(CN) — A single tulip in a field of gardenias or an incorrect key on the wrong end of a keyboard can go unnoticed at first, but once pointed out the anomaly is hard to miss.
The same applies to genetic mutations. Progeria, the disease which causes children to age prematurely and rapidly, stems from a single misplaced gene. And in a study published Wednesday in the journal Nature, a breakthrough gene-editing method developed by researchers at the Broad Institute of MIT and Harvard, along with other collaborators, shows promising results in treating the mutation.
Hutchinson-Gilford progeria syndrome causes children to lose their hair and hearing, suffer from joint stiffness, loss of muscle, taut skin and even risk heart defects or stroke — all typically ailments of much older people. Children with the syndrome typically live until about age 13.
Researchers from the National Human Genome Research Institute (NHGRI) and other collaborators used the adenine base editing (ABE) technique on connective tissue cells taken from children with progeria. The technique, when applied to the LMNA gene, fixed over 90% of the cells affected by the progeria mutation.
“As a physician-scientist, it’s incredibly exciting to think that an idea you’ve been working on in the laboratory might actually have therapeutic benefit,” said Dr. Jonathan Brown, assistant professor of medicine at Vanderbilt University, in a statement accompanying the study. “Ultimately our goal will be to try to develop this for humans, but there are additional key questions that we need to first address in these model systems.”
Senior author Dr. David Liu at the Broad Institute developed the gene-editing process in 2016 through funding from the NHGRI. He said the base-editing process is effective in treating a disease like progeria, because editing techniques like CRISPR engineering cannot make precise DNA changes in certain cells.
The simplest explanation Liu offers for his technique is that it’s like a find-and-replace function in a word processor.

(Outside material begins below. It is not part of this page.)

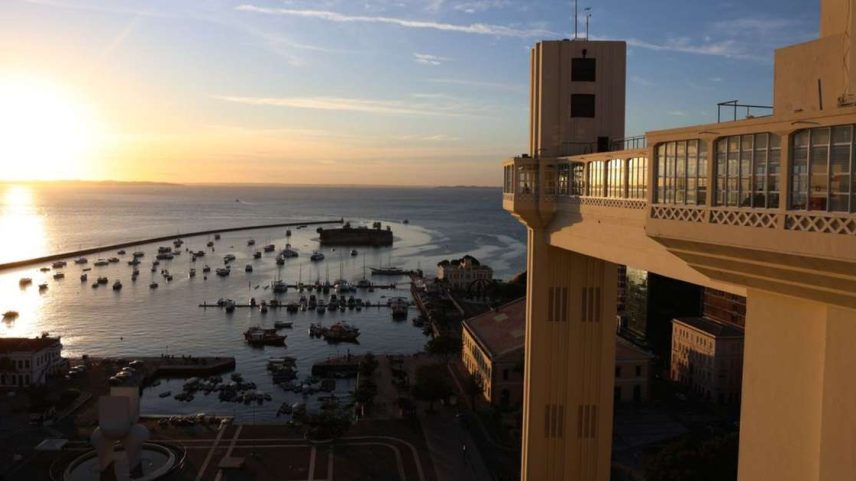 A partir deste ano, a cidade de Salvador passa a figurar oficialmente como a capital simbólica do Brasil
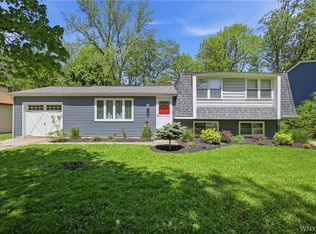 129 Lyrae Dr, Getzville, NY 14068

The edited gene corrects the mutation by changing a T base into a C base.
Researchers also injected edited cells into a dozen mice with the progeria-causing mutation soon after they were born as part of his research and the gene editing process restored the DNA sequence, effectively correcting the cells in the heart, aorta and other organs of the mice according to the study authors.
Six months after being treated, most of the mice cells remained corrected and astoundingly, study authors say the edited cells began to replace the progeria-mutated cells, which eventually began to drop out from early deterioration.
The lifespan of the mice jumped from seven months to almost 1.5 years. Previous attempts to treat progeria have focused on reducing the amount of the toxic progerin that’s produced as a result of the mutation.
In November 2020, the U.S. Food and Drug Administration approved the medication Lonafarnib to treat progeria. It’s the first licensed therapy for the disease, but researchers argue it only partially alleviates the symptoms.
The ABE technique requires more research into how it can treat progeria and how a patient’s immune system will respond. While lingering questions about dosages remain and some side effects included liver tumors found in the longest-living mice, researchers say it’s a step in the right direction.
The moral implications of gene-editing were once the hypothetical thought exercise of old sci-fi novels. But in recent decades the concept of an engineered human being came into clearer focus, raising alarms about editing birth defects before a child is born. Other researchers say the time of “designer babies” remains a long way off.
But the method deployed by the base gene editing team at the Broad Institute is applied to living specimens — a correction to an unpredictable mutation.
“These findings suggest a potential therapeutic strategy for (Hutchinson-Gilford progeria syndrome) that directly corrects the causative mutation in vivo, and will inform applications of base editors in the treatment of other genetic diseases,” the study authors wrote.